» **What is being asked**: Output exactly the lines below, starting with the line that has "Picture 2 of 4" and going on through the line that has "Senior U.S. Military", both included, and no other lines.

= = =

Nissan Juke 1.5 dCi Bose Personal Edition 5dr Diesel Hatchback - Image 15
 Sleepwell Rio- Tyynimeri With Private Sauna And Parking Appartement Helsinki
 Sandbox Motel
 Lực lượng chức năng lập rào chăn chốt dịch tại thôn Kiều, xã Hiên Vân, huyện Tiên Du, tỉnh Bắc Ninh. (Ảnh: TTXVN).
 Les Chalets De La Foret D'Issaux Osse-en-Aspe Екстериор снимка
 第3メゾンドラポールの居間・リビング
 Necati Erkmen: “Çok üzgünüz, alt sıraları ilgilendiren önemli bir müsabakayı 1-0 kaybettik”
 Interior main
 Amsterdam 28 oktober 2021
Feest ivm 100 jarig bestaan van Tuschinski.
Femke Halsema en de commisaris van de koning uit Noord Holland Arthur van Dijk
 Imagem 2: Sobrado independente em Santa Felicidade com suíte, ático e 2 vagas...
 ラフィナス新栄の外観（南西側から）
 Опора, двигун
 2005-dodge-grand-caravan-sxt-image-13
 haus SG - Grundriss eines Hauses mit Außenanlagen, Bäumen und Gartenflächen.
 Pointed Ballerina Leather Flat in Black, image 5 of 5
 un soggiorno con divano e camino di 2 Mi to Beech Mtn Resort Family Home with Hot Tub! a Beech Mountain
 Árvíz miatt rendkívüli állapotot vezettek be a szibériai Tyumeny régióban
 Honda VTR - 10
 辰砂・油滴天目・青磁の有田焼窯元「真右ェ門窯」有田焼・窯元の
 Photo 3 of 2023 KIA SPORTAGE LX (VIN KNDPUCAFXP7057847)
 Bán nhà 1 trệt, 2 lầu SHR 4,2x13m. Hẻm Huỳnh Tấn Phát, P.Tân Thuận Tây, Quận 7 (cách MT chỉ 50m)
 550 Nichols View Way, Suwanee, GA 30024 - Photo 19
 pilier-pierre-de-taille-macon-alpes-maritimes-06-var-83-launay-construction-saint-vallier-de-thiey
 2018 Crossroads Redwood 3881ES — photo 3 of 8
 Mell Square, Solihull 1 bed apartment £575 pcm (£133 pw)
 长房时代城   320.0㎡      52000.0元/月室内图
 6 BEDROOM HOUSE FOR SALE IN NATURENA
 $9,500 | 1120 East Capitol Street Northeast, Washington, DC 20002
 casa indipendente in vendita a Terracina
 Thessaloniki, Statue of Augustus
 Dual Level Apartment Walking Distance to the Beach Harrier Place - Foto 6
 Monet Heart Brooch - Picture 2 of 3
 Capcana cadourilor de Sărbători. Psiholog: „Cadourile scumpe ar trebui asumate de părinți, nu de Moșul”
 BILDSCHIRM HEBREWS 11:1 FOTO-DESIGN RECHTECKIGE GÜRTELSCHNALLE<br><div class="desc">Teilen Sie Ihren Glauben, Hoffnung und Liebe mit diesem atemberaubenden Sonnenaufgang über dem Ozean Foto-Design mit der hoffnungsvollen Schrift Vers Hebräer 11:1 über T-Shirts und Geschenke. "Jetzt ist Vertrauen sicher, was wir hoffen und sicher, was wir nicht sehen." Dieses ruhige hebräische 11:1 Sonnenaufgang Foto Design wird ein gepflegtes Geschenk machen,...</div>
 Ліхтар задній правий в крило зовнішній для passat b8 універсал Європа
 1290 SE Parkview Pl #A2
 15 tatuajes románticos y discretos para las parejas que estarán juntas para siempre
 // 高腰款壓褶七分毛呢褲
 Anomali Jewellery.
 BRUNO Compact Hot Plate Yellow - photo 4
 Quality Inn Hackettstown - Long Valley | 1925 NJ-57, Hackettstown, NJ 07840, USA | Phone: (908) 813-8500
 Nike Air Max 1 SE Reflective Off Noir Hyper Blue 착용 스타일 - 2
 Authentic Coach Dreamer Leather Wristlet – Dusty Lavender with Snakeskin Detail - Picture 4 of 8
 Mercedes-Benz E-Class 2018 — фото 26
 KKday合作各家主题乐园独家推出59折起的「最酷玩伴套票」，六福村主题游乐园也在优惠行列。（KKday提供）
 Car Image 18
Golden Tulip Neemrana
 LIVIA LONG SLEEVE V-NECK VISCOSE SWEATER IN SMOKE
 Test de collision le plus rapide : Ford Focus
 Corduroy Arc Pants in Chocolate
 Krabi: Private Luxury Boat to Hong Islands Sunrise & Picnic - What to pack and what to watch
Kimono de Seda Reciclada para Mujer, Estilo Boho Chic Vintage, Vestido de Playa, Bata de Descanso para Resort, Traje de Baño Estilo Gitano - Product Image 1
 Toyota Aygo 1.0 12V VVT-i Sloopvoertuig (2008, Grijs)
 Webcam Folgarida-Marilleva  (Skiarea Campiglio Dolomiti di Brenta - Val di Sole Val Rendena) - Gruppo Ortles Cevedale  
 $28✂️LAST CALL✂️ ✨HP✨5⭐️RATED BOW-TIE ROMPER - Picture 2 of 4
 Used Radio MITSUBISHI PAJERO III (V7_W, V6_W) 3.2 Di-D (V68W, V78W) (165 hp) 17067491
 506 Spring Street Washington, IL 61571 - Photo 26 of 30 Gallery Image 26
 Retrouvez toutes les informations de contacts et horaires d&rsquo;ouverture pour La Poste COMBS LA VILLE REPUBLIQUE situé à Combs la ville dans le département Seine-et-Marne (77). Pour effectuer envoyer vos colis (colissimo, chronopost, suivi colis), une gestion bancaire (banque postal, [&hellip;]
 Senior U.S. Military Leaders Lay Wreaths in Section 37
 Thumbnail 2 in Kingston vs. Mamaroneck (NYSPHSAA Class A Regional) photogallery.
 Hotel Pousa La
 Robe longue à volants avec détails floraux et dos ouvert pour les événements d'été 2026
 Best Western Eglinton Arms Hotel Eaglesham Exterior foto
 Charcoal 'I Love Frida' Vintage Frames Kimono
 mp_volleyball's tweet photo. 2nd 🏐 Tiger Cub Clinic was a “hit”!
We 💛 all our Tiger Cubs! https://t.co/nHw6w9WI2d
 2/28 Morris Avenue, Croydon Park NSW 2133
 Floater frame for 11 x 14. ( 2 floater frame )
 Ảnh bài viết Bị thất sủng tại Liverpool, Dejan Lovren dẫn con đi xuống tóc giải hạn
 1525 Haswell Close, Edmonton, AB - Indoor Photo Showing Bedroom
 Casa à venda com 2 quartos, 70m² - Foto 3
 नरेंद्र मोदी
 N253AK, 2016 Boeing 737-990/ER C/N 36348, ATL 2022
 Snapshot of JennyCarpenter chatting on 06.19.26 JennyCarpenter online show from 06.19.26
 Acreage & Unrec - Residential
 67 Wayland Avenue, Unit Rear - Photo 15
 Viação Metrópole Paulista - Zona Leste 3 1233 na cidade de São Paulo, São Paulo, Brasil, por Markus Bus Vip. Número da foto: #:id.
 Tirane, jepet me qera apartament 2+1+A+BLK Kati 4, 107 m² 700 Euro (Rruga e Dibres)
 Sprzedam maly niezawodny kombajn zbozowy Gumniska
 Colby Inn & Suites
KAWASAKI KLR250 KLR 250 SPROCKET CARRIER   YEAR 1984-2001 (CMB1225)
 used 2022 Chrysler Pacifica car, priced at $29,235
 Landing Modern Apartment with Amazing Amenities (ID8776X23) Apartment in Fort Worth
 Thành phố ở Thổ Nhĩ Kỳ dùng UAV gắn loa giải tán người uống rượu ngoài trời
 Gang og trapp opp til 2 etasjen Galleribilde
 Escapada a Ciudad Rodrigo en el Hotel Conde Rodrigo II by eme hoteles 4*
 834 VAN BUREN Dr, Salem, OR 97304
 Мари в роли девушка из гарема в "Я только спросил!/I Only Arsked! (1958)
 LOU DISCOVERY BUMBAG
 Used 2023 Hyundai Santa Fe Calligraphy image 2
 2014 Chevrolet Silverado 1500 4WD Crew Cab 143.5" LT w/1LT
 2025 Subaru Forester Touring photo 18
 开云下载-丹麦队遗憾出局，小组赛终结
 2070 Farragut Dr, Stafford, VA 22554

= = =

» **Solved problem**:
 $28✂️LAST CALL✂️ ✨HP✨5⭐️RATED BOW-TIE ROMPER - Picture 2 of 4
 Used Radio MITSUBISHI PAJERO III (V7_W, V6_W) 3.2 Di-D (V68W, V78W) (165 hp) 17067491
 506 Spring Street Washington, IL 61571 - Photo 26 of 30 Gallery Image 26
 Retrouvez toutes les informations de contacts et horaires d&rsquo;ouverture pour La Poste COMBS LA VILLE REPUBLIQUE situé à Combs la ville dans le département Seine-et-Marne (77). Pour effectuer envoyer vos colis (colissimo, chronopost, suivi colis), une gestion bancaire (banque postal, [&hellip;]
 Senior U.S. Military Leaders Lay Wreaths in Section 37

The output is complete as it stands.